A Missouri University of Science and Technology (Missouri S&T) researcher has patented a quantum processor capable of parallel computing that uses no transistors. Missouri S&T professor C.H. Wu says the device could replace current electronic computing systems and provide quantum computing capabilities. In total, the quantum processor replaces 24 transistors, using symbolic substitution rules instead of logic gates. "Quantum computing based on what I have developed is a viable alternative and I believe it is the only one of its kind available," says Wu. He says if several of the new devices are wired together, it will form a cellular automaton capable of performing computation without the use of transistors as required in current computing systems, which will allow for much smaller processor chips and great increases in processing speed. In addition, Wu says the processor is rule-based and can distinguish left and right in spatial relations on grids. "Even if some scientists had looked for cellular automata with the correct two-bit-per-cell size, the search for the correct set of rules for computing is like finding a needle in a haystack because there are more than a billion possible sets of rules and only one of them works for computing," Wu says.


Stanford Engineers Create a Software Tool to Reduce the Cost of Cloud Computing
Stanford Report (CA) (02/28/14) Tom Abate

Stanford University professor Christos Kozyrakis and doctoral student Christina Delimitrou have developed Quasar, a cluster management system they say can triple server efficiency and provide reliable service at all times, thereby reducing data center operating expenses. Data centers run applications such as search services for consumers or data analysis for businesses, placing varying demands on the data center and using different amounts of server capacity. Cluster management tools apportion the workload and assign applications to specific servers, based on input from software developers about the capacity the applications will require. Developers often overestimate when reserving server capacity, with the cumulative impact leading to significant excess capacity. Quasar begins by asking about the performance that applications require, then ensures adequate server capacity to meet various requirements. "We want to switch from a reservation-based cluster management to a performance-based allocation of data center resources," Kozyrakis says. Quasar uses an algorithm similar to popular movie and book recommendation algorithms to suggest the minimum number of servers for each application and which applications can run together most effectively. Boosting data center efficiency will be essential for the growth of cloud computing, because electricity demands that threaten to overwhelm power plants preclude the option of continually adding servers.


The First Woman to Get a Ph.D. in Computer Science From MIT
The Atlantic (03/05/14) Rebecca J. Rosen

Irene Greif, who in 1975 became the first woman to receive a Ph.D. in computer science from the Massachusetts Institute of Technology, founded the research field of computer-supported cooperative work (CSCW). Recently retired from IBM, Greif now wants to encourage young women to pursue science, technology, engineering, and mathematics (STEM) careers.
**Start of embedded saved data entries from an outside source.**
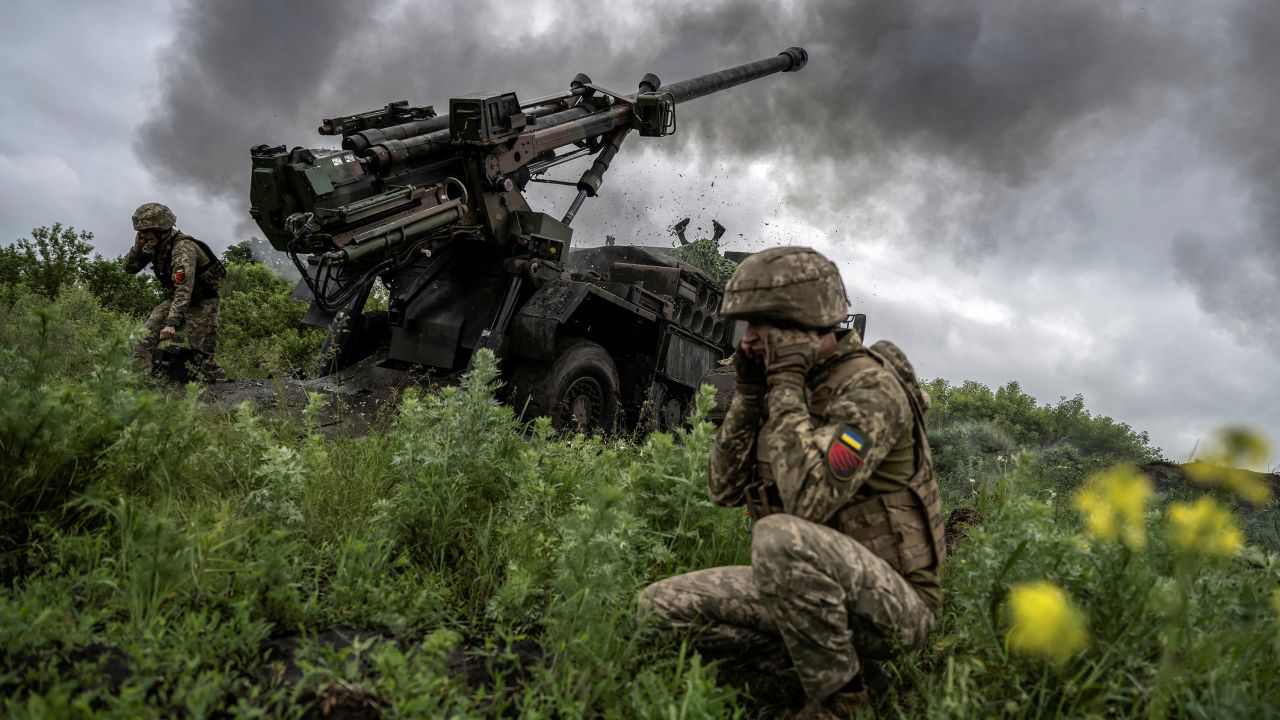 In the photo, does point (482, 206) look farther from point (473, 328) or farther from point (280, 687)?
point (280, 687)

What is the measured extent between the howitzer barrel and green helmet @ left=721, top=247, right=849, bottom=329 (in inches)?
295

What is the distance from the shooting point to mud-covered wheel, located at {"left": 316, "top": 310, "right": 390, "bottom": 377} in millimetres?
8305

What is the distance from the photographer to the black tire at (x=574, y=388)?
7762 millimetres

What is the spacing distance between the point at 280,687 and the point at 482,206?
5.93 metres

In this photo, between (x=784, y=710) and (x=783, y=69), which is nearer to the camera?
(x=784, y=710)

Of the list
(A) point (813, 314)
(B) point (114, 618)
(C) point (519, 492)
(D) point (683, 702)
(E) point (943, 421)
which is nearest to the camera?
(D) point (683, 702)

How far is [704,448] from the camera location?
13.3ft

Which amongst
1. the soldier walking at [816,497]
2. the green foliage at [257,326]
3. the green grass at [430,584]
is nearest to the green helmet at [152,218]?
the green foliage at [257,326]

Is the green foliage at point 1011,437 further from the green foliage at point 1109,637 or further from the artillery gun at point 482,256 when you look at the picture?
the green foliage at point 1109,637

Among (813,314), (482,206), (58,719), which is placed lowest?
Result: (58,719)

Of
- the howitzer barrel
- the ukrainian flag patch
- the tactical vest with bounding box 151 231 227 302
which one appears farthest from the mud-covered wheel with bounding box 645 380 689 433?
the ukrainian flag patch

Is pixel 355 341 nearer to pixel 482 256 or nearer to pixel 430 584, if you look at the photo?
pixel 482 256

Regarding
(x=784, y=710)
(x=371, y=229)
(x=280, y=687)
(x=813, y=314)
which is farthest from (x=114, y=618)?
(x=371, y=229)

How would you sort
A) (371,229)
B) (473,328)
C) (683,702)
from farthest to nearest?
1. (473,328)
2. (371,229)
3. (683,702) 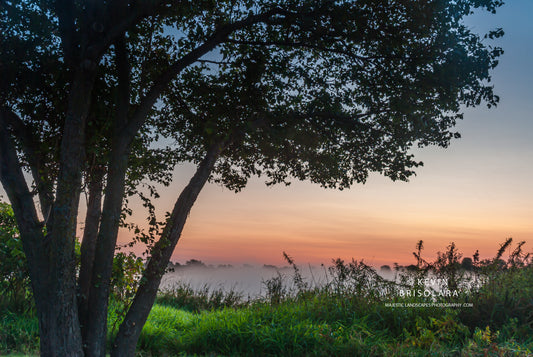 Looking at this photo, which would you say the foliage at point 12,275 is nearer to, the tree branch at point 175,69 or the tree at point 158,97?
the tree at point 158,97

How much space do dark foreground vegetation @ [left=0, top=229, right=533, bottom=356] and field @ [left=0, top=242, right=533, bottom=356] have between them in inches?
0.8

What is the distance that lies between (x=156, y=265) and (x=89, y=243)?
3.89ft

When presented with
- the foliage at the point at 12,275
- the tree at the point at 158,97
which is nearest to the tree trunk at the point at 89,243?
the tree at the point at 158,97

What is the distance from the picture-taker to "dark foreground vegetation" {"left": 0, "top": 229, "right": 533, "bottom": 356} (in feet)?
25.6

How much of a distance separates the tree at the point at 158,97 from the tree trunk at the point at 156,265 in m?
0.02

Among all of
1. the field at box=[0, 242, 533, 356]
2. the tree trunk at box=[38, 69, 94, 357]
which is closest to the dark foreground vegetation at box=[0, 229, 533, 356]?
the field at box=[0, 242, 533, 356]

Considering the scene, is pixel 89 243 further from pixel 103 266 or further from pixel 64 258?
pixel 64 258

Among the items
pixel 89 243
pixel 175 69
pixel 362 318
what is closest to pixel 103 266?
pixel 89 243

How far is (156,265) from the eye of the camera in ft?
25.1

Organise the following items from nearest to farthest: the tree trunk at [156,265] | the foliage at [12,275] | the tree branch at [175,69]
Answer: the tree branch at [175,69] → the tree trunk at [156,265] → the foliage at [12,275]

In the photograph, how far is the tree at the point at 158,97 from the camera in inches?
267

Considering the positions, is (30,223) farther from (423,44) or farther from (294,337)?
(423,44)

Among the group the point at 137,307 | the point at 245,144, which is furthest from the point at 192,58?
the point at 137,307

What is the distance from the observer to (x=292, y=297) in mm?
11625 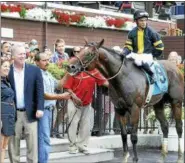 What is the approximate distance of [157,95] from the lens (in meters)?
9.93

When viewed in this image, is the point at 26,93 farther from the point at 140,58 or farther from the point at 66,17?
the point at 66,17

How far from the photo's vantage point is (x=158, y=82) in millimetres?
9820

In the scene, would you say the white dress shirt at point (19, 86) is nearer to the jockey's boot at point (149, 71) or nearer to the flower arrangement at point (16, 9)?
the jockey's boot at point (149, 71)

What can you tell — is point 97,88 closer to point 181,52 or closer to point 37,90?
point 37,90

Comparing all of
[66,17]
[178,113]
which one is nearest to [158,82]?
[178,113]

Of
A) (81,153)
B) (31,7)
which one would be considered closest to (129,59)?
(81,153)

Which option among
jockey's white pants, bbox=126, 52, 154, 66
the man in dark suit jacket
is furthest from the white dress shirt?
jockey's white pants, bbox=126, 52, 154, 66

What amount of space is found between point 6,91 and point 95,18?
1492 centimetres

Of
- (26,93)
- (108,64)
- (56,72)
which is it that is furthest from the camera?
(56,72)

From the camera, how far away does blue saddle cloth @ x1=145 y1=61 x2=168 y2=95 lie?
386 inches

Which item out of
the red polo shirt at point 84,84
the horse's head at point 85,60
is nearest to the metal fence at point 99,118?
the red polo shirt at point 84,84

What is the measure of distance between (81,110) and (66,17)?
36.8ft

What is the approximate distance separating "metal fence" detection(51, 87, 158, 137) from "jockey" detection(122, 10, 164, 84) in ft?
4.36

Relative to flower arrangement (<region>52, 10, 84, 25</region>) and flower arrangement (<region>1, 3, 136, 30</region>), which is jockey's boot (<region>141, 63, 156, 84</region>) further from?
flower arrangement (<region>52, 10, 84, 25</region>) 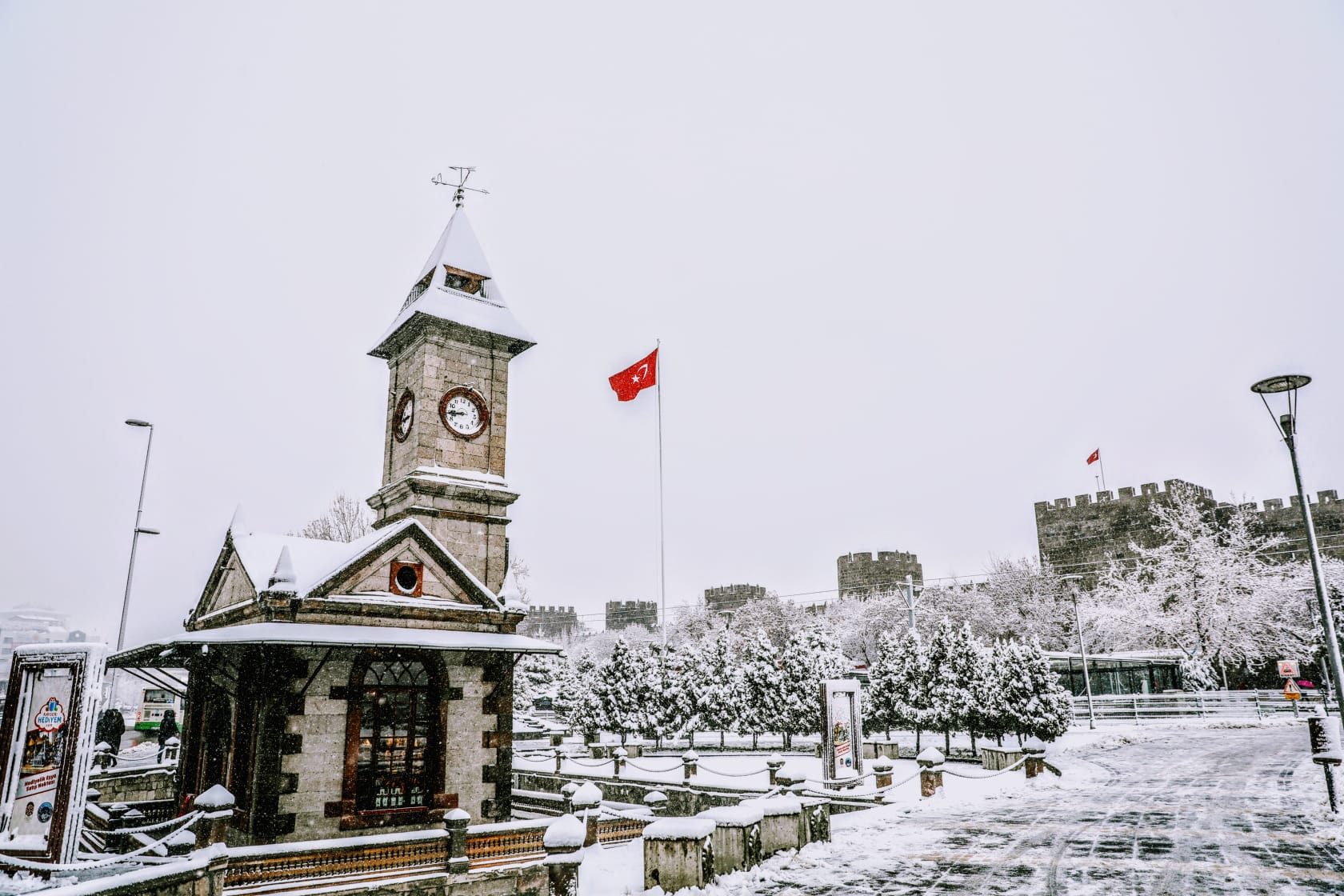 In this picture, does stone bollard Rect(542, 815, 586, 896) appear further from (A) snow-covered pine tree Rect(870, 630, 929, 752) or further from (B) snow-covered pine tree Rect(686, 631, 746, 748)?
(B) snow-covered pine tree Rect(686, 631, 746, 748)

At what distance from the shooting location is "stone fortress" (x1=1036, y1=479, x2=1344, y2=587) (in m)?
54.2

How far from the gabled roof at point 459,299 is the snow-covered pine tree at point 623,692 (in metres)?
20.2

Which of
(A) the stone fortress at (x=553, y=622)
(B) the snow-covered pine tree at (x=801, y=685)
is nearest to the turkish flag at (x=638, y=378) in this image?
(B) the snow-covered pine tree at (x=801, y=685)

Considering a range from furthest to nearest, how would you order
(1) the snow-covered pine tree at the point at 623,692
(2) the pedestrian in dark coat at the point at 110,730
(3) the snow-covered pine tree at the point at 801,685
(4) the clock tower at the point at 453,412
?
(1) the snow-covered pine tree at the point at 623,692 → (3) the snow-covered pine tree at the point at 801,685 → (2) the pedestrian in dark coat at the point at 110,730 → (4) the clock tower at the point at 453,412

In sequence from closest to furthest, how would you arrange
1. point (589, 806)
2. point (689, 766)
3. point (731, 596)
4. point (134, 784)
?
point (589, 806), point (134, 784), point (689, 766), point (731, 596)

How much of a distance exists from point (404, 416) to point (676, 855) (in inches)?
548

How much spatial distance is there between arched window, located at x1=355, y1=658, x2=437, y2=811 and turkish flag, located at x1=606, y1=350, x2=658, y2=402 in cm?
1644

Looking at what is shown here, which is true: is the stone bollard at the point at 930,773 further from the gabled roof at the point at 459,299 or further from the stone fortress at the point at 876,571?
the stone fortress at the point at 876,571

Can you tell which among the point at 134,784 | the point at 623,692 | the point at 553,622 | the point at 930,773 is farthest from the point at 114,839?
the point at 553,622

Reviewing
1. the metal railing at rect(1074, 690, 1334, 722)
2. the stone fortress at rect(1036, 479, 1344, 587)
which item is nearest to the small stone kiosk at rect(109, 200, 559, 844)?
the metal railing at rect(1074, 690, 1334, 722)

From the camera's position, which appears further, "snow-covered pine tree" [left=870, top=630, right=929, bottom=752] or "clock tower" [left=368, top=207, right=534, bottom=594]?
"snow-covered pine tree" [left=870, top=630, right=929, bottom=752]

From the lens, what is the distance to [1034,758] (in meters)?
21.7

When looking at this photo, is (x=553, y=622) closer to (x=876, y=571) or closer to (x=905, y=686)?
(x=876, y=571)

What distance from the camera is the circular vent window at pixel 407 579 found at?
57.0ft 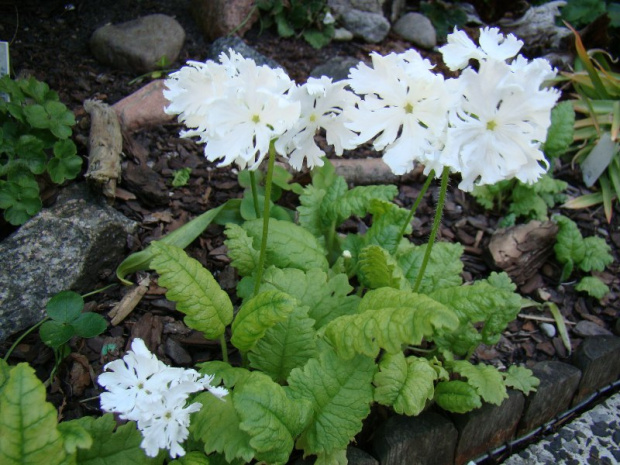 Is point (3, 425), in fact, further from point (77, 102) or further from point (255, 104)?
point (77, 102)

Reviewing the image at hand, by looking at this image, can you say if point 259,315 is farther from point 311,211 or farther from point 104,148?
point 104,148

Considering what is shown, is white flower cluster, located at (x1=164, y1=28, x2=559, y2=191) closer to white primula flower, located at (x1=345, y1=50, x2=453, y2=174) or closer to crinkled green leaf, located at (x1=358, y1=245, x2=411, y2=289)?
white primula flower, located at (x1=345, y1=50, x2=453, y2=174)

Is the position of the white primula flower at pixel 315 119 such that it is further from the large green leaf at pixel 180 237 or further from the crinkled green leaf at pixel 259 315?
the large green leaf at pixel 180 237

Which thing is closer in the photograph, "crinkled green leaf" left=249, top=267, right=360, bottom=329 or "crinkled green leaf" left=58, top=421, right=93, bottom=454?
"crinkled green leaf" left=58, top=421, right=93, bottom=454

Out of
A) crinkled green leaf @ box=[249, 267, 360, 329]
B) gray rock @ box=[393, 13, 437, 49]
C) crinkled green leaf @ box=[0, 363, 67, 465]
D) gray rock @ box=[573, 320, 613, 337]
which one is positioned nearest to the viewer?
crinkled green leaf @ box=[0, 363, 67, 465]

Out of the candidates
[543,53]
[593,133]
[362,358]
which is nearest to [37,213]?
[362,358]

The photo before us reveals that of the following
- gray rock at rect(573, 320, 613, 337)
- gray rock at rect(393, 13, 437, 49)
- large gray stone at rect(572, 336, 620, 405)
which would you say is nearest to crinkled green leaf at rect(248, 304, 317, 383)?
large gray stone at rect(572, 336, 620, 405) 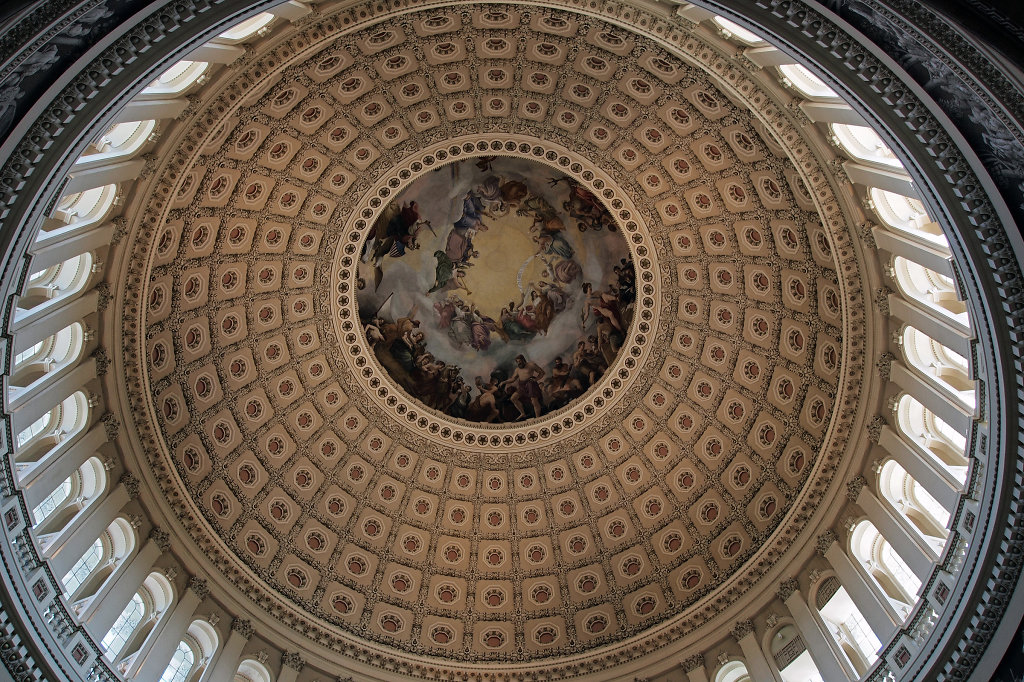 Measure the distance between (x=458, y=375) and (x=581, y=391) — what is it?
15.8 feet

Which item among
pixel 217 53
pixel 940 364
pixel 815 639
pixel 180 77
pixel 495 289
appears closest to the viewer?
pixel 217 53

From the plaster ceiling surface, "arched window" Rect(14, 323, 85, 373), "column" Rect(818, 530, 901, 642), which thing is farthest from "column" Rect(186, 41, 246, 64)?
"column" Rect(818, 530, 901, 642)

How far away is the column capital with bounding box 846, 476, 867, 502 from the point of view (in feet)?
68.9

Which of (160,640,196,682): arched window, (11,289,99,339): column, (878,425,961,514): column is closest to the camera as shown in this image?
(11,289,99,339): column

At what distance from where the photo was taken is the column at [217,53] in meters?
16.5

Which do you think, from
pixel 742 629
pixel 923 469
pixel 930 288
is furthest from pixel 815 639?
pixel 930 288

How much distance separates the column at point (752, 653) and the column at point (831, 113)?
13300 mm

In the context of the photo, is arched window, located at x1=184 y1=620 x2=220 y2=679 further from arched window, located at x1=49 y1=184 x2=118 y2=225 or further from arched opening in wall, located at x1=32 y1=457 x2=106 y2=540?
arched window, located at x1=49 y1=184 x2=118 y2=225

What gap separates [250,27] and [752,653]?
64.3 feet

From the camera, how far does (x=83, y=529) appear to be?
18.5m

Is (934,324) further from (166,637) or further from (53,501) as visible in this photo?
(53,501)

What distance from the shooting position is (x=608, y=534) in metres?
28.1

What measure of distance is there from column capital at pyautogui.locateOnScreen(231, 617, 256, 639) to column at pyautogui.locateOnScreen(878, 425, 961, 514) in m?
17.2

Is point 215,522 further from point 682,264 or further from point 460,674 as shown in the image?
point 682,264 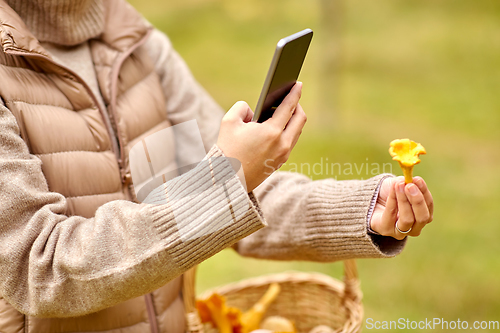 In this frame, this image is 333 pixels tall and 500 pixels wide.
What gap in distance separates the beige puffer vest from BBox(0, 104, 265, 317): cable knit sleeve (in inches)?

As a researcher, Greif says she "moved from these very mathematically oriented computer science areas to much more people-oriented work--office automation and human-computer interface and so on." In the 1980s, she launched the CSCW field, which she describes as "getting a set of people together across disciplines who would look at social systems and computer systems at the same time." Working in office automation, Greif says she learned that making processes too invisible can damage the social aspects that help advance work. "And that was really the beginning of the notion of who needed to be talking to each other among researchers, in order to really get things right around using computers to help people work together," Greif says. She believes female role models are beneficial to women entering STEM fields, and stresses that women should be visible at by-invitation conferences and panel sessions.